> [TASK BRIEF]: From the entries that follow, copy exactly the lines beginning at the line holding "Weißgold Au750 Echt" and continuing through the line holding "Leopard Print Black".

> [ENTRIES SUPPLIED]:
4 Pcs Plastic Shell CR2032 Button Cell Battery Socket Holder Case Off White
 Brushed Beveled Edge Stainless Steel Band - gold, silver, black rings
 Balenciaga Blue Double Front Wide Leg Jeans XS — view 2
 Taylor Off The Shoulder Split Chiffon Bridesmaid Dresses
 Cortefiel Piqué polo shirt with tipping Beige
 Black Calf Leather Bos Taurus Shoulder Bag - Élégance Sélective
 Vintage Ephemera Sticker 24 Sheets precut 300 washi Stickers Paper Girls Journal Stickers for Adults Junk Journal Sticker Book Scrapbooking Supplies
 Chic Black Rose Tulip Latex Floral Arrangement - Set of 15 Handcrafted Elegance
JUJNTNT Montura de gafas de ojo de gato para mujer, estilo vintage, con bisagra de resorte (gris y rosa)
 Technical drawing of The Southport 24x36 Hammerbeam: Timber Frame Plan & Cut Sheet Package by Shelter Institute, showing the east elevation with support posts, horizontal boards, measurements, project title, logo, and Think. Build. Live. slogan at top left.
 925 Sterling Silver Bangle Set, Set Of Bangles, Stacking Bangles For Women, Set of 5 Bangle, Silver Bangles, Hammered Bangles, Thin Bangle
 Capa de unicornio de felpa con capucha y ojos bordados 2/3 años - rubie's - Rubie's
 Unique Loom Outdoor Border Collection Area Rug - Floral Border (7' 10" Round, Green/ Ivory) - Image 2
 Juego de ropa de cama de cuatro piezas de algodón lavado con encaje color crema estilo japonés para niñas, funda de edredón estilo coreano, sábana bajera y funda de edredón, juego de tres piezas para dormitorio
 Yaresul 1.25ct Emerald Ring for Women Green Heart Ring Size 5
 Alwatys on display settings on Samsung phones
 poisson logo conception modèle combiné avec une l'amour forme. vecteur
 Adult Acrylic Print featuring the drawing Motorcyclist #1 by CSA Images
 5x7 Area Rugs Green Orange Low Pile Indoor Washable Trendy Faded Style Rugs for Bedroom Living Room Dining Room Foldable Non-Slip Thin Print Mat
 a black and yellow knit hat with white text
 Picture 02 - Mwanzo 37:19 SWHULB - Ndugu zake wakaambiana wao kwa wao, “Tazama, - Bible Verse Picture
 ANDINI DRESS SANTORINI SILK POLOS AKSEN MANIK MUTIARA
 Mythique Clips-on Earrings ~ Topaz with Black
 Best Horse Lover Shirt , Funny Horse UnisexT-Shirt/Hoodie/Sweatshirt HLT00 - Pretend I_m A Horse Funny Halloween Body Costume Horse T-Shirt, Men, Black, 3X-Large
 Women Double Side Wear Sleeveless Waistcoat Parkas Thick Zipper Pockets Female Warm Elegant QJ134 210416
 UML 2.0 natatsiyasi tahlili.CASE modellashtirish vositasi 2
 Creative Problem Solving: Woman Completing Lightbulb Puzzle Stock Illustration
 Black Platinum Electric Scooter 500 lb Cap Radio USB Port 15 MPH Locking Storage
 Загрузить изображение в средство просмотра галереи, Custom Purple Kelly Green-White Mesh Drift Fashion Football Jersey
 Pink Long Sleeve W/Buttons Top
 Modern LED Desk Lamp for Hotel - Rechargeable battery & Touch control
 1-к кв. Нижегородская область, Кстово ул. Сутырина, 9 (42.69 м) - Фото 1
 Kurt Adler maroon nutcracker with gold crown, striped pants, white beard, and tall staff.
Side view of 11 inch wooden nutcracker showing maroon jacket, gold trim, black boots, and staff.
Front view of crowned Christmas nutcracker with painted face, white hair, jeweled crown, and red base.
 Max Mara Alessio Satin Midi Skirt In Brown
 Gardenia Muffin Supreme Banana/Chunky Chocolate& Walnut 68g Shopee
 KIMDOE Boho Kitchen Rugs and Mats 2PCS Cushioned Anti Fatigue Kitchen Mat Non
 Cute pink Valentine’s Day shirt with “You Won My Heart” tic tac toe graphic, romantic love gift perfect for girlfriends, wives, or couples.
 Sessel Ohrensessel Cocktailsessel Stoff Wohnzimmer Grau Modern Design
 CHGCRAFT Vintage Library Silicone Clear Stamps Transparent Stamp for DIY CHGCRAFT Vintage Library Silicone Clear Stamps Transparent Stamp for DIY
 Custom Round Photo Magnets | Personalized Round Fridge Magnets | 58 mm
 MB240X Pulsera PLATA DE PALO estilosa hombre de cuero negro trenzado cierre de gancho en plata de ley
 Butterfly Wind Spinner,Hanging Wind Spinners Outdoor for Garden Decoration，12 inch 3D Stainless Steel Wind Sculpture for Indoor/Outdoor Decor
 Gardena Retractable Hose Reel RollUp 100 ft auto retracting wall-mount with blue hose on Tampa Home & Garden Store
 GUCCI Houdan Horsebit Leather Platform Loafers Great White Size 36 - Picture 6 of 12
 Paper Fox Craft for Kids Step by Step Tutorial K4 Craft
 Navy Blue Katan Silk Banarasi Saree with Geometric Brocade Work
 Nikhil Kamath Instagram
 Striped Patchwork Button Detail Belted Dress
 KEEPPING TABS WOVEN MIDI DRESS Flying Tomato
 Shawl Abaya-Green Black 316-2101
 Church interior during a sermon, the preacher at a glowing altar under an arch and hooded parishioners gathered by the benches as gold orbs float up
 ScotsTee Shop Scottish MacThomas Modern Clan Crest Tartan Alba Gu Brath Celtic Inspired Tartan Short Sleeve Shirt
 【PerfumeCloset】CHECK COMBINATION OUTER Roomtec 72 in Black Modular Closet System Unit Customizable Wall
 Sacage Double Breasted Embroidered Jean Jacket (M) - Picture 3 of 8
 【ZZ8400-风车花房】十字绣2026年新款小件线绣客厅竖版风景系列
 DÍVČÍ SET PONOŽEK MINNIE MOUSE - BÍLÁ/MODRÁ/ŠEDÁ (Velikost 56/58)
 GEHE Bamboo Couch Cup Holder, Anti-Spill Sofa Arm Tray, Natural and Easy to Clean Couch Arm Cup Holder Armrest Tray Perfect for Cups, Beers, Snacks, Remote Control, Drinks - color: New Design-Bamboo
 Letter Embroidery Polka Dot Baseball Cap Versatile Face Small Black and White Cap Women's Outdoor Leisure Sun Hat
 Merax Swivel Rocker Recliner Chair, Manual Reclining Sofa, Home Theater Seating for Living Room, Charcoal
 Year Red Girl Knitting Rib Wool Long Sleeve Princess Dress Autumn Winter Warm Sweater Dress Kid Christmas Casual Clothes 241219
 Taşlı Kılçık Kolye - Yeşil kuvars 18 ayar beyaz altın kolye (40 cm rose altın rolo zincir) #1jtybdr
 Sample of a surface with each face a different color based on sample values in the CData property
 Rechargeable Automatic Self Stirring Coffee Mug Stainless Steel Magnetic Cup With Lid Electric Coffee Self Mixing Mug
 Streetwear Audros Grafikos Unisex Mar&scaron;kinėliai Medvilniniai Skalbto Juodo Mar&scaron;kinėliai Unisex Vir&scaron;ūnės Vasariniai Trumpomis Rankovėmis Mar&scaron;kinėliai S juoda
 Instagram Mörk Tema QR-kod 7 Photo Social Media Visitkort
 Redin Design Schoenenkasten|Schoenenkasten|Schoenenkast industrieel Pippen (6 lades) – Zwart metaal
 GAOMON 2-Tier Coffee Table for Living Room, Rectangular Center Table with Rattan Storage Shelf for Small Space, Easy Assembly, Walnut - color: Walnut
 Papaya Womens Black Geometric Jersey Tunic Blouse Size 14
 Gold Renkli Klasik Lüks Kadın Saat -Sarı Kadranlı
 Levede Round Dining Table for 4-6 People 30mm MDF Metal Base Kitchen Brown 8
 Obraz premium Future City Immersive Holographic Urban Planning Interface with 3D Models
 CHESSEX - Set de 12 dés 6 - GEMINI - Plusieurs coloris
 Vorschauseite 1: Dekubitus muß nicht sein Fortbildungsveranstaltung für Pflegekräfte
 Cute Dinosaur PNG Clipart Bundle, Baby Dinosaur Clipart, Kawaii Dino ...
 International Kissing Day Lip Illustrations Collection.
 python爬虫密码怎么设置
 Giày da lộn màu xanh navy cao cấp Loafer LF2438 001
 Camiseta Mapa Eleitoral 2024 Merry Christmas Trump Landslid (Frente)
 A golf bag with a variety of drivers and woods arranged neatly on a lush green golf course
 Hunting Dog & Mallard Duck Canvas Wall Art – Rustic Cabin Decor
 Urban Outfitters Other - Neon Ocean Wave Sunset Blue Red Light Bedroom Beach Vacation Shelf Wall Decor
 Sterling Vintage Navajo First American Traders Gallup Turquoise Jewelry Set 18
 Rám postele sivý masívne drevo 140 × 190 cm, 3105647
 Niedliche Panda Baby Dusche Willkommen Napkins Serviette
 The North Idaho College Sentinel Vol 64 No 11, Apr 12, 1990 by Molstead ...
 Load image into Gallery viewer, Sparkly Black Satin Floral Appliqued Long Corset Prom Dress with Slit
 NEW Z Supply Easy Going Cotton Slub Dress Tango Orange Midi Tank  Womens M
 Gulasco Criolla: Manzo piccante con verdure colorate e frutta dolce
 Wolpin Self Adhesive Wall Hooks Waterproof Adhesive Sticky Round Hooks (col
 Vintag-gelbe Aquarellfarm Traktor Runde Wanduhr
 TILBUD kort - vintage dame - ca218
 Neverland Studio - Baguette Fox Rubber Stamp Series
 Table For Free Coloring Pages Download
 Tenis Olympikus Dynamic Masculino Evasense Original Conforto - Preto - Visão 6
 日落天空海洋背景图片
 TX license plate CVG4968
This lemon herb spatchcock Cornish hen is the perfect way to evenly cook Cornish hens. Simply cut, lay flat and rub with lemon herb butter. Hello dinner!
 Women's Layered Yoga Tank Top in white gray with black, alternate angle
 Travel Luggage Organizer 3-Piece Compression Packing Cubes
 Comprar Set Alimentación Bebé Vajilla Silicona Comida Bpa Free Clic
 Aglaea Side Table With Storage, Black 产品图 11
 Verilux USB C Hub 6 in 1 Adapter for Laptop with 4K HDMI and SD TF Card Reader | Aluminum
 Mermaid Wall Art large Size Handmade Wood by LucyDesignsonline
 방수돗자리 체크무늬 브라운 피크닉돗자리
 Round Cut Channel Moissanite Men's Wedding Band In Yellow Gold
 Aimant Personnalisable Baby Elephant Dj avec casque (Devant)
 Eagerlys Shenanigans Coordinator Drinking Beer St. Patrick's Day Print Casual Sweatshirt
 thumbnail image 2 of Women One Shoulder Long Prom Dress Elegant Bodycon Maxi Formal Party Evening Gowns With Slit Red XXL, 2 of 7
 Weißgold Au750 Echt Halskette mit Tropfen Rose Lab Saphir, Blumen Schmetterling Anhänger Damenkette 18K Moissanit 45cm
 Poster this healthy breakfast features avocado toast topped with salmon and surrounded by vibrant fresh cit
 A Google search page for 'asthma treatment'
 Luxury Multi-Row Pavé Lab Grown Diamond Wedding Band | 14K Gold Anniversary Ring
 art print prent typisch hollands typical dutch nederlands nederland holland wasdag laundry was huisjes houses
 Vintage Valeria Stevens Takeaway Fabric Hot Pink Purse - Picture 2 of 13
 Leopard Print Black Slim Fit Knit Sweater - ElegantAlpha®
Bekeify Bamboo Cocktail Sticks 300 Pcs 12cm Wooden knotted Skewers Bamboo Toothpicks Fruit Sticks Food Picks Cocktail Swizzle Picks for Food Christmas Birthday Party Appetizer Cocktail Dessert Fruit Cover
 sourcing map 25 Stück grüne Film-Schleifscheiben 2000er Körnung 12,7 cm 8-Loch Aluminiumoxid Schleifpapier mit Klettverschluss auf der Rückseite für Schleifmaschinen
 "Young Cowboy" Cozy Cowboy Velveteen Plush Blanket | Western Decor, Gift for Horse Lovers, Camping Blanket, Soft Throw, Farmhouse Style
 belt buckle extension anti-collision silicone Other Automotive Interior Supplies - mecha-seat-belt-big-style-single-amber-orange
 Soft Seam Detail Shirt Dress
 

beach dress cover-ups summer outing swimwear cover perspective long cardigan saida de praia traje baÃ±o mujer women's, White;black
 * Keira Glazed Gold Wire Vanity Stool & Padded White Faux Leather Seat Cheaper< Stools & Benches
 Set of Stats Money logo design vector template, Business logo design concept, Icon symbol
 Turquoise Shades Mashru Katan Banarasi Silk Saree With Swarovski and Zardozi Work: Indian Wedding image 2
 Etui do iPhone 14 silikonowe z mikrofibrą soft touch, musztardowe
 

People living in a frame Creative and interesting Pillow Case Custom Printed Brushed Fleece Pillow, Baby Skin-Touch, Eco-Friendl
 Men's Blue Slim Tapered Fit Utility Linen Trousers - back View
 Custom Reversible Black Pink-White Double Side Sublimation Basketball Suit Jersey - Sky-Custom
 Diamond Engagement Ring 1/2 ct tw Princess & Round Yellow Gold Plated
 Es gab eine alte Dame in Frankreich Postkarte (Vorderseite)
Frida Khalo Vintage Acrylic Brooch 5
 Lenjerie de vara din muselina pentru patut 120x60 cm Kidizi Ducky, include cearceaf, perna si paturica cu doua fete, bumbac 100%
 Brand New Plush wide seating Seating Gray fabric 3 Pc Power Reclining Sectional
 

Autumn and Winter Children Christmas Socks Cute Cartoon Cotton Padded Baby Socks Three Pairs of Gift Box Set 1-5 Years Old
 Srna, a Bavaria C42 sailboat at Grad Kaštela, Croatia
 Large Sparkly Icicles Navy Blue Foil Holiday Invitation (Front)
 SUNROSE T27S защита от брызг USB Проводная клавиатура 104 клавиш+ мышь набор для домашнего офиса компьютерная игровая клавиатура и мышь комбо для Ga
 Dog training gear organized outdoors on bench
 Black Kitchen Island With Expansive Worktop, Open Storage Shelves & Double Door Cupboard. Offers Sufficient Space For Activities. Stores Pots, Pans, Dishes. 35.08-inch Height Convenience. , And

> [ANSWER]:
 Weißgold Au750 Echt Halskette mit Tropfen Rose Lab Saphir, Blumen Schmetterling Anhänger Damenkette 18K Moissanit 45cm
 Poster this healthy breakfast features avocado toast topped with salmon and surrounded by vibrant fresh cit
 A Google search page for 'asthma treatment'
 Luxury Multi-Row Pavé Lab Grown Diamond Wedding Band | 14K Gold Anniversary Ring
 art print prent typisch hollands typical dutch nederlands nederland holland wasdag laundry was huisjes houses
 Vintage Valeria Stevens Takeaway Fabric Hot Pink Purse - Picture 2 of 13
 Leopard Print Black Slim Fit Knit Sweater - ElegantAlpha®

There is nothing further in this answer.